Although intrinsic capacity of CNS axon regeneration is highly limited, injuries to the peripheral nerves frequently result in successful axon regeneration. We have previously shown that macrophage activation in the dorsal root ganglia (DRGs) following peripheral nerve injury contributes to the enhanced axon regeneration capacity. We further demonstrated that neuron-macrophage interaction occurring in the DRGs is essential linking injury-triggered neuronal chemokine expression with the proregenerative macrophage activation. However, it is not known how activated macrophages, which we defined as regeneration-associated macrophages (RAMs), in turn contribute to the enhanced capacity of axon regeneration in DRG neurons. The present study sought to characterize molecular signatures of RAMs and to identify key signaling pathways that drive the activation of the proregenerative phenotype in RAMs.
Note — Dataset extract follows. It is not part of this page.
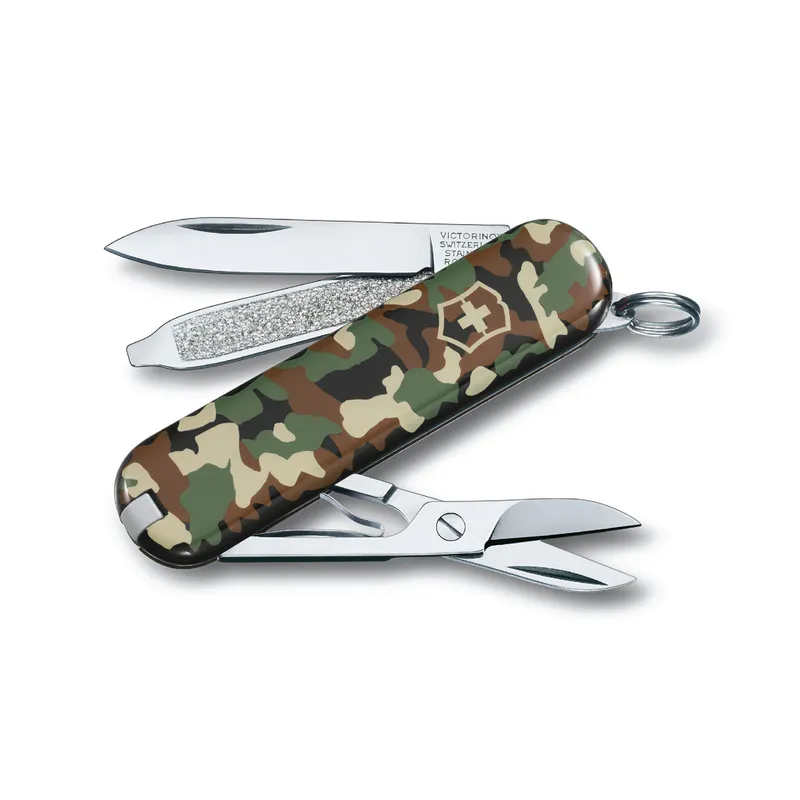 Victorinox Waiter Swiss Army Knife Classic SD 58mm Style Icon-Camouflage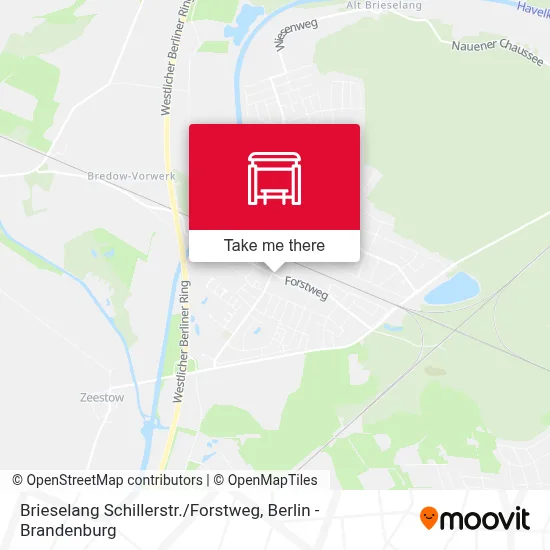 Brieselang Schillerstr. / Forstweg map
To generate RAMs, we employed an in vitro neuron-macrophage interaction model where co-cultures of DRG neurons and peritoneal macrophages are treated with cAMP. In this model, conditioned medium of primed macrophages promotes robust neurite outgrowth. We performed transcriptomic profiling using RAMs obtained in this co-culture paradigm. Ingenuity Pathway Analysis indicated that genes related to cancer and wound healing processes, which are known to increase in tumor-associated macrophages, were highly upregulated in RAMs. Furthermore, analysis of upstream transcriptional networks suggested that beta-catenin and Hif1-alpha could play a role in shaping the transcriptomic signatures. To verify the upregulated genes in an in vivo neuron-macrophage interaction setting, CX3CR1-GFP mice were utilized to isolate activated macrophages in DRGs following peripheral nerve injury using Fluorescence-Activating Cell Sorting (FACS). Ongoing experiments involving analysis of the FACS-isolated macrophages with immunohistochemistry and real time PCR will characterize the molecular determinants of RAMs promoting capacity of axon regeneration in vivo.